“So what do you do?’’ the plastic surgeon asks, pulling a trolley of scalpels and scissors and suture material to the operating daybed.
“I’m a writer,’’ I say. “Actually, I just became an award-winning essayist.’’
As I talk, I wonder how I can turn this into an essay. How can I excavate this surgical experience in the same way the doctor is slicing through layers of my skin and subcutaneous fat. I stare at the ceiling, away from my right thigh. I don’t want to see blood.
I’m writing four essays, five interviews, blogging, reading, writing book reviews and teaching creative writing to refugee kids. I have a fat moleskin of squiggles to categorize and type into the appropriate files.
The doctor pushes stitches in and out, pinches in my skin.
I need to be more organized.
“No exercise for three weeks,’’ he says. He takes off his surgeon’s glasses and I note the long slim indents on his temples just in case I need those details later.
In my mind, I transfer my exercise hours to reading and writing.
So this is the life of an award-winning essayist who is also a mother, a lover, and a friend in a world that seems to be moving too quickly.
I have notebooks and pens and pencils in the car, on the dusty shelf by the kitchen counter, on the blue stool next to the toilet, rolling around next to my daughter’s anti-fungal cream in my handbag and stuck somewhere in the piles of love clutter on the dining room table.
Every morning except Sunday I get up at five. I make chai tea and tiptoe past the girls’ bedroom. I walk around the one creaky floorboard in the front hall, downstairs to my study. I choose between breakfast and makeup, between lunch and playing my flute. I eat salmon from a tin at my desk. I decline mid-morning coffees and lunch dates.
“No, I’m sorry. I can’t go roller skating on Thursdays.’’
“What’s your excuse this time?’’ she asks.
“I’m writing.’’ I cross her off my mental list.

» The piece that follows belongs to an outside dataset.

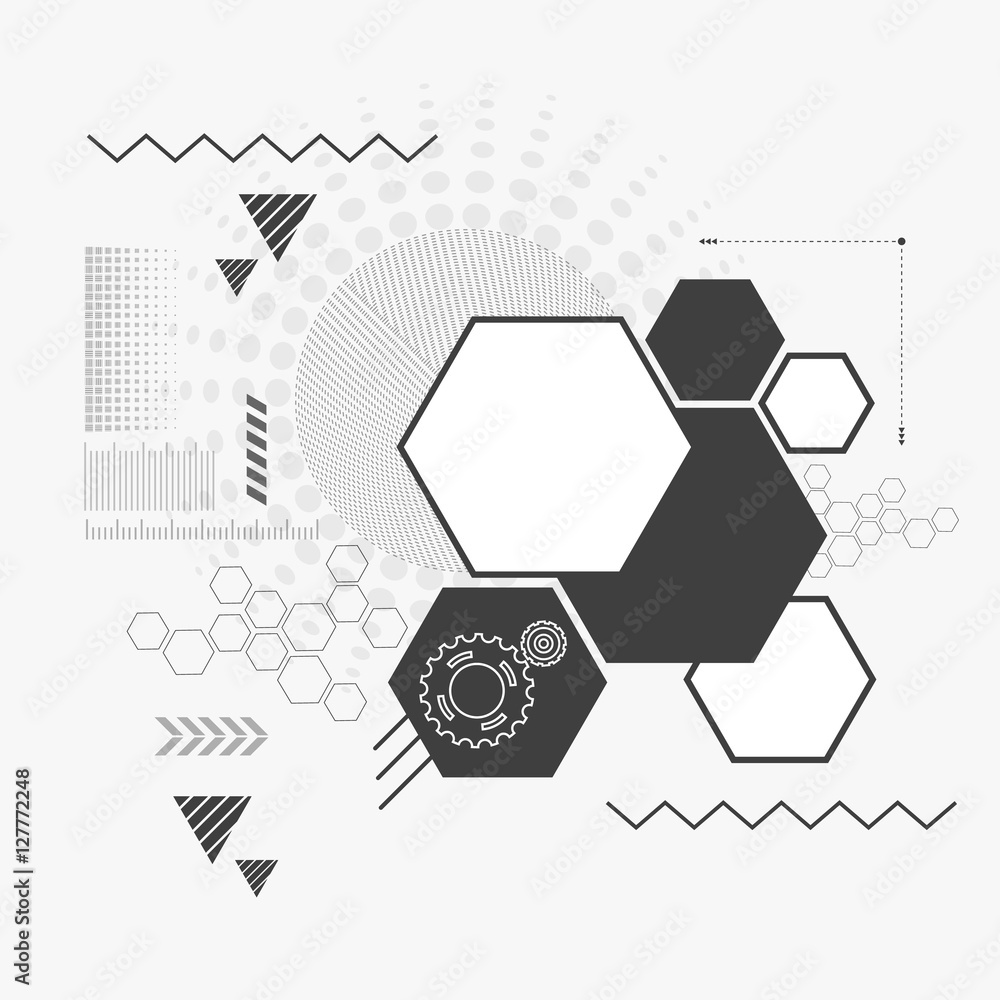 Poster abstract geometric background with square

After I leave the girls at school I ignore phone calls from overseas friends and family. Because I am working.
Imagine. You have five hours — if you don’t count the time to clean up the kitchen, put the laundry on, sweep up the dog hair, go to the toilet, hang the laundry out. Your standards plummet. You multi-task: you pay bills online and schedule in doctors, dentists, and grade four math tuition. You transfer 3000 dollars for one term of choir lessons. You don’t notice. They phone and tell you. They reimburse your stupidity.
In between rejection letters, you write and rewrite at the library. You use words to peel back protective barriers and discover something new, to find answers to questions you hadn’t even articulated. You write amid, not despite, the turbulence of life. You search for your pen, your phone, your voice recorder when words flow in the car, breast-feeding your babies or wiping dog diarrhoea from the hoop pine floors. You memorize sentences that land on you during concerts or early morning runs and you tattoo them on the back of your hand, the delicate skin of your forearm.
“This essay is garbage,’’ you say to your writing buddy who is linked to your soul through letters and the smell of paper.
To grab more time you try online grocery shopping. If you stop waxing your legs, underarms and bikini line you could save 26 hours a year. If you get laser treatments and remove the hair permanently, you lose ten of those hours, but only once. You don’t watch TV. You have rock climbing dates in the evening with your husband. It’s good exercise and you get to talk together without interruption. You wonder if you can train yourself to be an insomniac.
“I brought you girls an after-school treat.’’ I twist around to the back seat of the car against the advice of my chiropractor and pass two peanut-butter chocolate chip cookies to grubby hands. I put on some Mozart.
“My throat! My throat! It’s burning–’’ my six-year old screams. I pull over the car. Her face is red and white.
“Spit it out! Spit it out!’’ I yell, passing her wipes. I drive to the nearest pharmacy, the one near the doctor’s office. We’ll be safe here. I’d forgotten about that peanut choking thing on the plane from Singapore to London. The pharmacist gives my youngest antihistamines and my eldest some lip balm. It will be OK. I can take her home now. I carry Aria inside to her bed, my leg throbbing from yesterday’s surgery. The builder needs to talk about the pool repairs and the piano teacher arrives. Aria throws up on her bed, spewing bile on the sheepskin rug and down the tower of toys wedged between the night-table and pink sheets. I’m vaguely aware that my eight-year old has wandered outside to question the builder about his two missing fingers.
When the babysitter arrives I’m bent over paper-toweling stringy vomit and I’m laughing. I’m not sure why I’m laughing. I go outside to the builder. I wish I could move my eyeballs separately so I can watch the builder talk and gesture and still keep an eye on Elsa as she pads in her stocking feet to the concrete swimming pool that’s being refilled with water.
Somehow I get the builder sorted, I keep Elsa dry and shuffle her inside to her piano lesson. I carry my laptop upstairs and ease myself onto the bed with an icepack on my wound. I have an hour to write.